### WHAT IS REQUIRED
An exact copy of the records below is required, and it must contain no pictures.

### DATA FOR ANALYSIS
▼

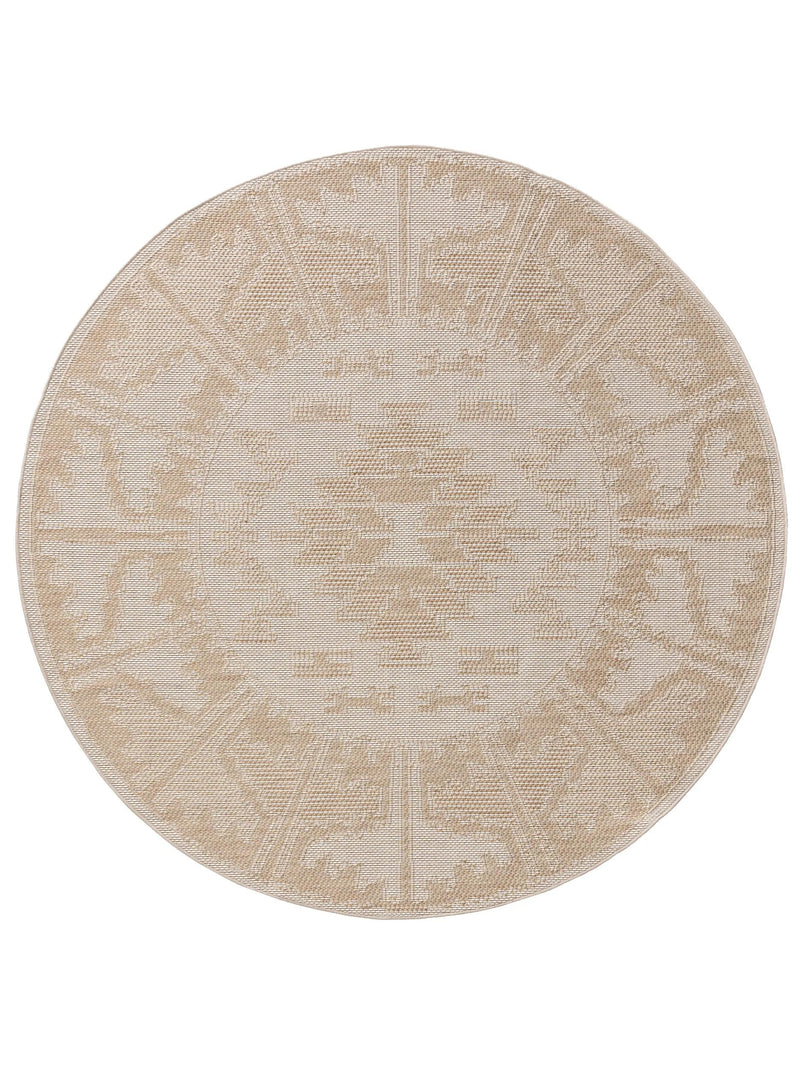 In- & Outdoor Rug Bronco Cream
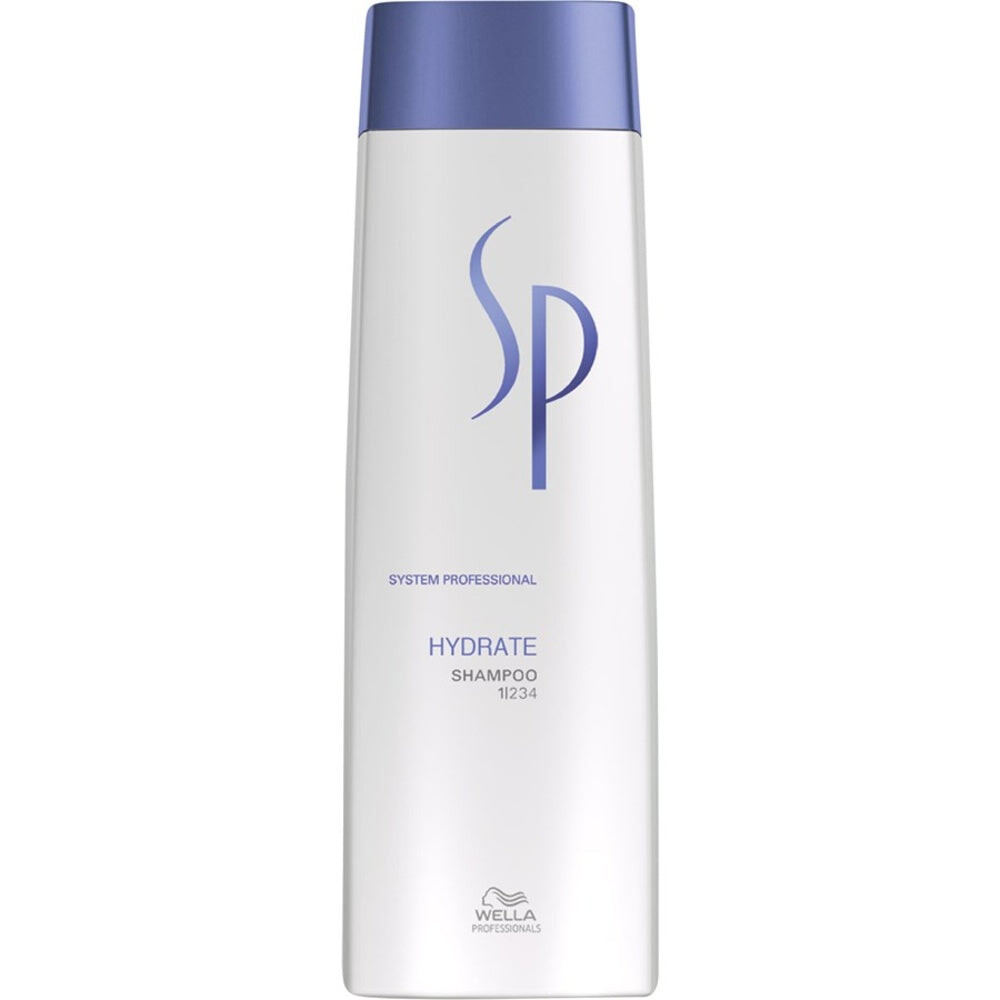 

Wella Professionals SP Hydrate Shampoo увлажняющий шампунь для сухих волос 250мл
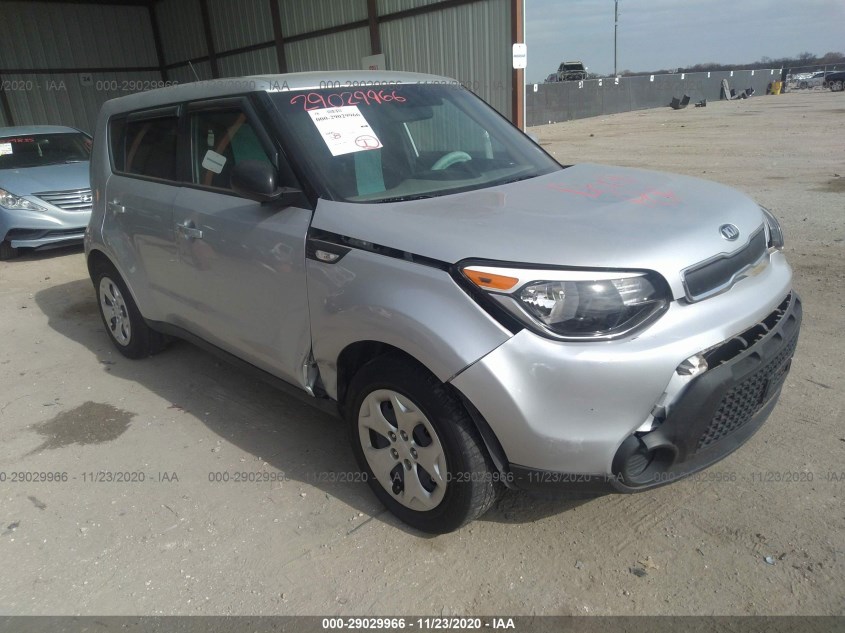 KIA SOUL KNDJN2A26E7739518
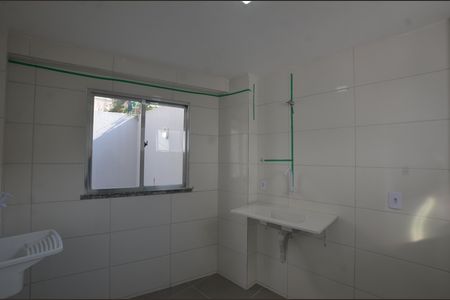 Apartamento para alugar com 45m², 2 quartos e sem vagaCozinha com Area de Serviço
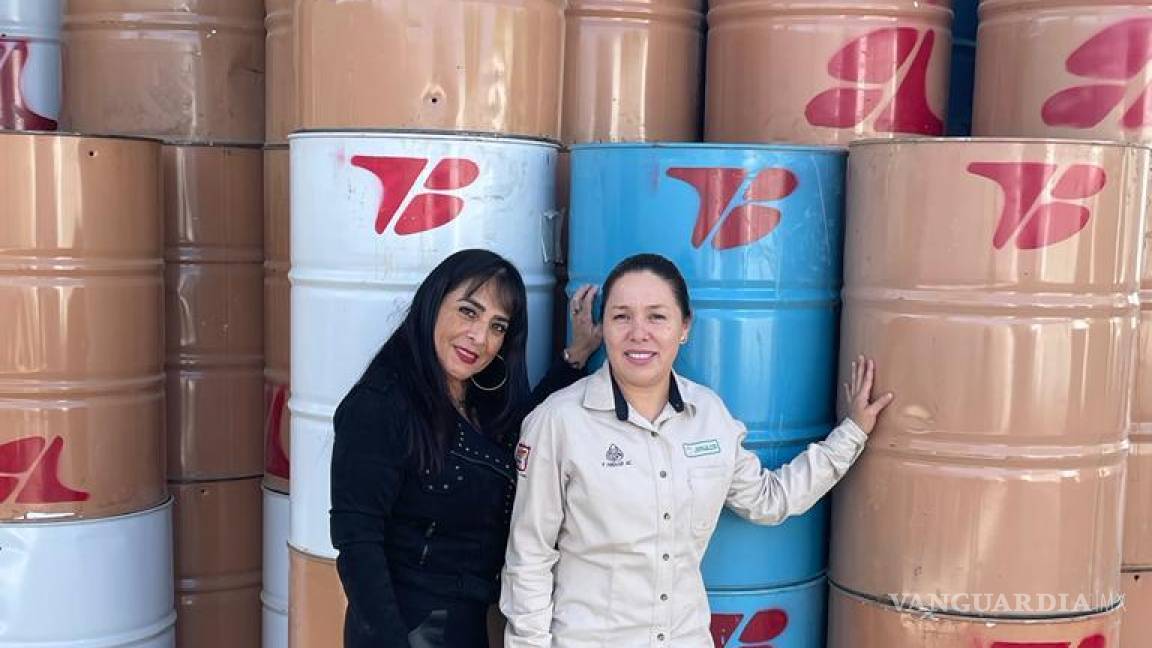 Dona SMA 80 botes de basura para Conalep Torreón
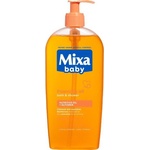 Mixa Baby Измиващо душ олио за много суха кожа 400 мл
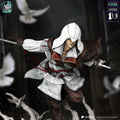 Ezio Auditore (Assassin's Creed) resin figure by Kaidan 3D — studio render 1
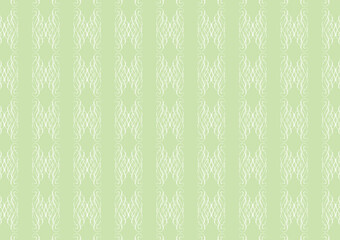 模様 背景素材 黄緑色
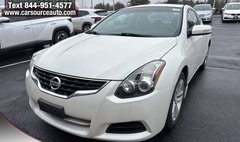 2012 Nissan Altima 2.5 S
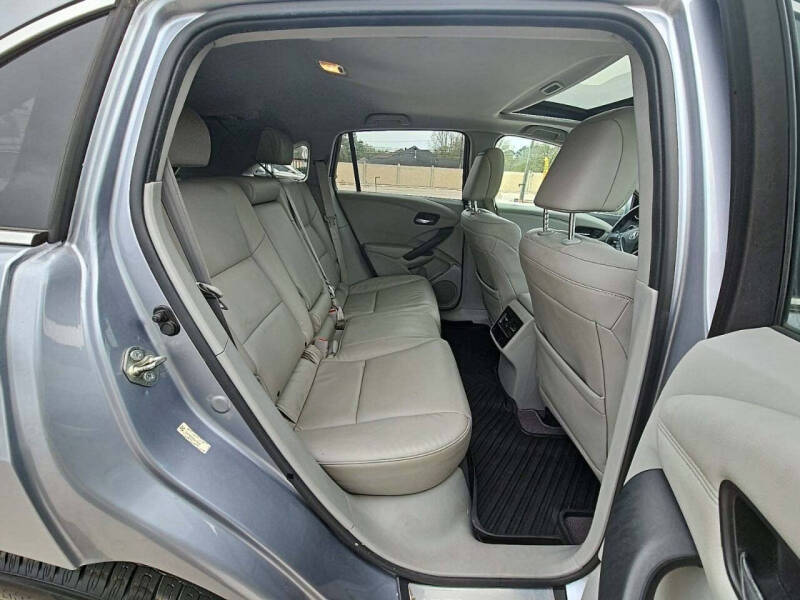2016 Acura RDX
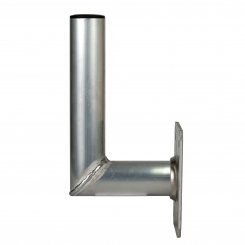 Wandhalter ALU 150 mm 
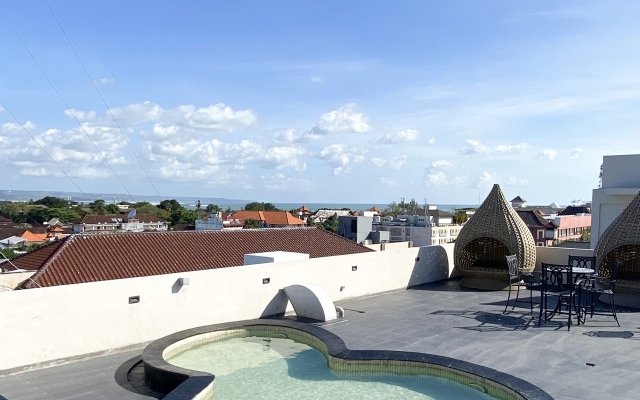 Boss Legian Hotel Powered by Archipelago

▲

### ANSWER TO THIS PROBLEM
 In- & Outdoor Rug Bronco Cream

Wella Professionals SP Hydrate Shampoo увлажняющий шампунь для сухих волос 250мл
 KIA SOUL KNDJN2A26E7739518
 Apartamento para alugar com 45m², 2 quartos e sem vagaCozinha com Area de Serviço
 Dona SMA 80 botes de basura para Conalep Torreón
 Mixa Baby Измиващо душ олио за много суха кожа 400 мл
 Ezio Auditore (Assassin's Creed) resin figure by Kaidan 3D — studio render 1
 模様 背景素材 黄緑色
 2012 Nissan Altima 2.5 S
2016 Acura RDX
 Wandhalter ALU 150 mm 
 Boss Legian Hotel Powered by Archipelago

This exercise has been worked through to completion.